### Work to be completed
From the line containing "Cold Garlic Sprouts recipe" to the last line of the listing, both included, copy every line exactly and drop the pictures.

### Data below
============================================================

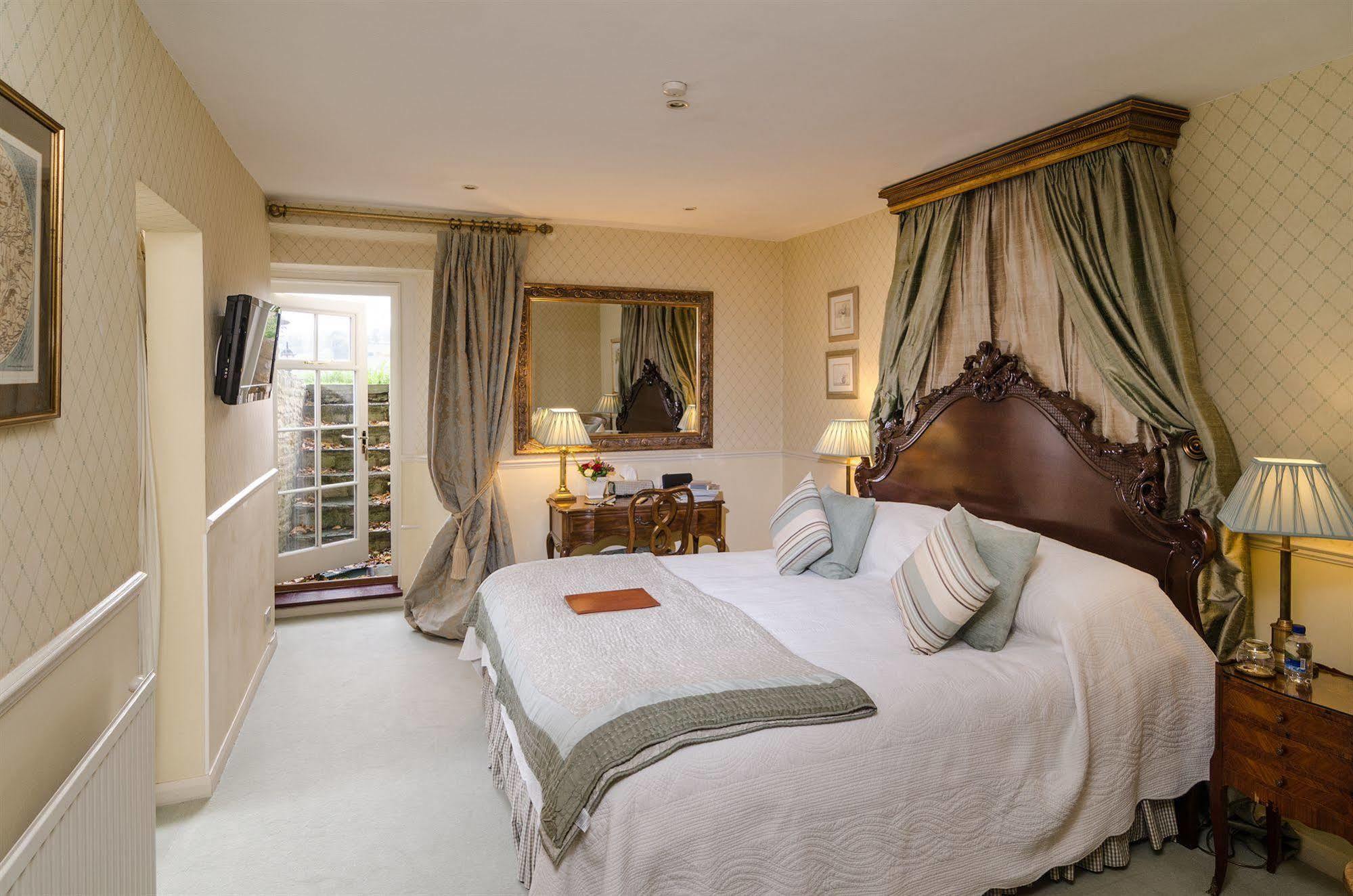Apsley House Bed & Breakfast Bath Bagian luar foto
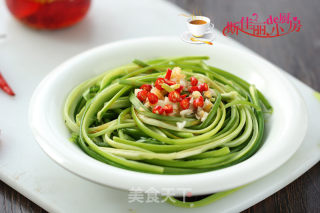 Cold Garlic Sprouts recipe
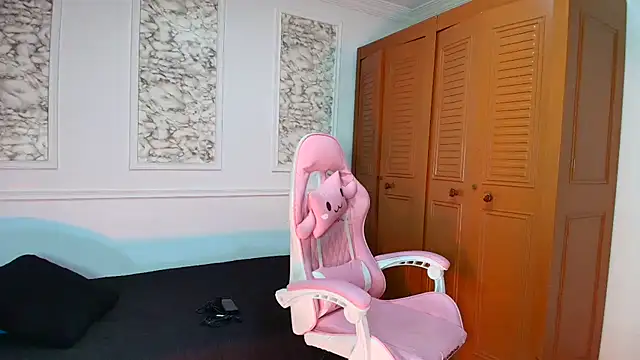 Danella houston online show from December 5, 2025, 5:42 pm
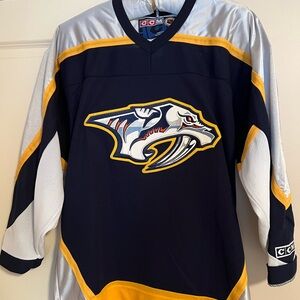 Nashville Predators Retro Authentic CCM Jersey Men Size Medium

============================================================

### Output of the exercise
 Cold Garlic Sprouts recipe
 Danella houston online show from December 5, 2025, 5:42 pm
 Nashville Predators Retro Authentic CCM Jersey Men Size Medium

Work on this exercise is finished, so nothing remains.